展颖野生稻株高性状的遗传与<i>SD1</i>基因的等位变异分析

doi:10.7668/hbnxb.20194324

摘要/Abstract

摘要：

为了探究SSSL-B50和华粳籼74(HJX74)株高差异的原因,利用SSSL-B50与HJX74回交构建F₂群体进行株高性状遗传分析与基因定位。结果显示,F₁植株表现为高秆;260个单株组成的F₂群体株高出现分离,高秆植株与半矮秆植株分离比例符合3:1(χ²=0.18<3.84),说明SSSL-B50高秆性状为显性性状,受1对显性等位基因控制。利用IciMapping软件对F₂进行连锁分析,将SSSL-B50携带的高秆基因定位在1号染色体代换片段上的标记S18和X161之间38.38~39.07 Mb。候选基因筛选分析发现,定位区间内存在着“绿色革命”基因座位SD1。对展颖野生稻、SSSL-B50及HJX74进行SD1基因测序及序列比对,发现HJX74的CDS序列与展颖野生稻、SSSL-B50相比有280 bp的缺失,导致氨基酸编码提前终止。qRT-PCR结果表明,SD1表达量在SSSL-B50茎秆的第2,3,4节均显著高于HJX74。此外,与前人报道结果相比,展颖野生稻SD1基因编码的氨基酸序列发生了2处改变(E100G、Q339R)。研究结果弄清楚了展颖野生稻单片段代换系SSSL-B50高秆性状受SD1调控,同时从展颖野生稻鉴定到了SD1的新等位型SD1^Glu。
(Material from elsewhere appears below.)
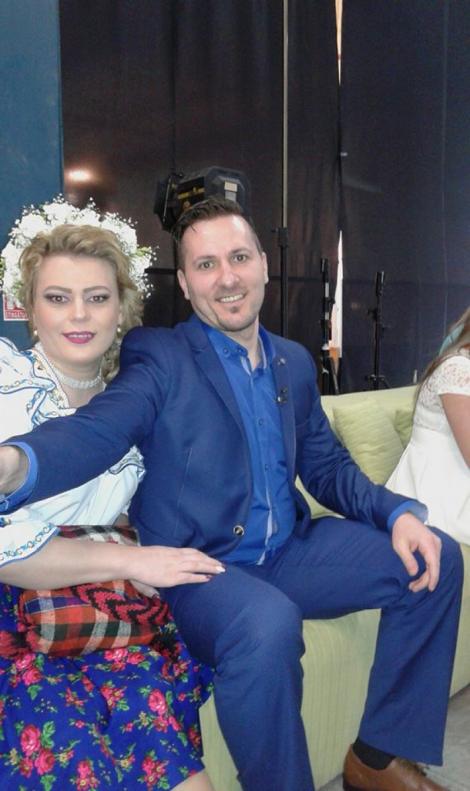 Bebe şi Rodica, o privighetoare a muzicii populare românești,  au ales "Nunta cu scântei" pentru a-şi uni destinele! Fanii: „Femeia-bărbat a devenit o divă!”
关键词: 展颖野生稻, 株高, 染色体片段代换系, 基因定位, 等位型

Abstract:

In order to investigate the reasons for the differences in plant height between SSSL-B50 and HJX74,an F₂ population was constructed by backcrossing SSSL-B50 with HJX74 for genetic analysis and gene mapping of the plant.The genetic analysis showed that F₁ plants exhibited tall plant height.And the separation ratio within F₂ was 3:1(χ²=0.18<3.84)between the tall plant individuals and the semi-dwarf ones,which indicated that the tall plant height of SSSL-B50 was a dominant trait.Based on the linkage analysis between the marker genotypes and phenotypes of plant height in the F₂ population,the gene controlling tall plant height was mapped between markers S18 and X161 within the 38.38—39.07 Mb interval of the substituted segment on chromosome 1.Moreover,it was found that the known gene of "Green revolution",SD1,fell to the mapping interval.Through amplification and sequence alignment of SD1 gene in Oryza glumaepatula,SSSL-B50,and HJX74,it showed that a 280 bp deletion in CDS in HJX74 compared with Oryza glumaepatula and SSSL-B50.The qRT-PCR results showed that the expression level of SD1 was significantly higher in the second,third,and fourth sections of SSSL-B50 stem than in HJX74.The comparison of the SD1 gene sequence of Oryza glumaepatula with the previous reported results showed that the base substitutions occurred at two sites (E100G, Q339R) in the encoded amino acid.The results revealed that the tall plant height of SSSL-B50 was controlled by SD1.Furthermore,a new allelic type of SD1, SD1^Glu,was identified in Oryza glumaepatula.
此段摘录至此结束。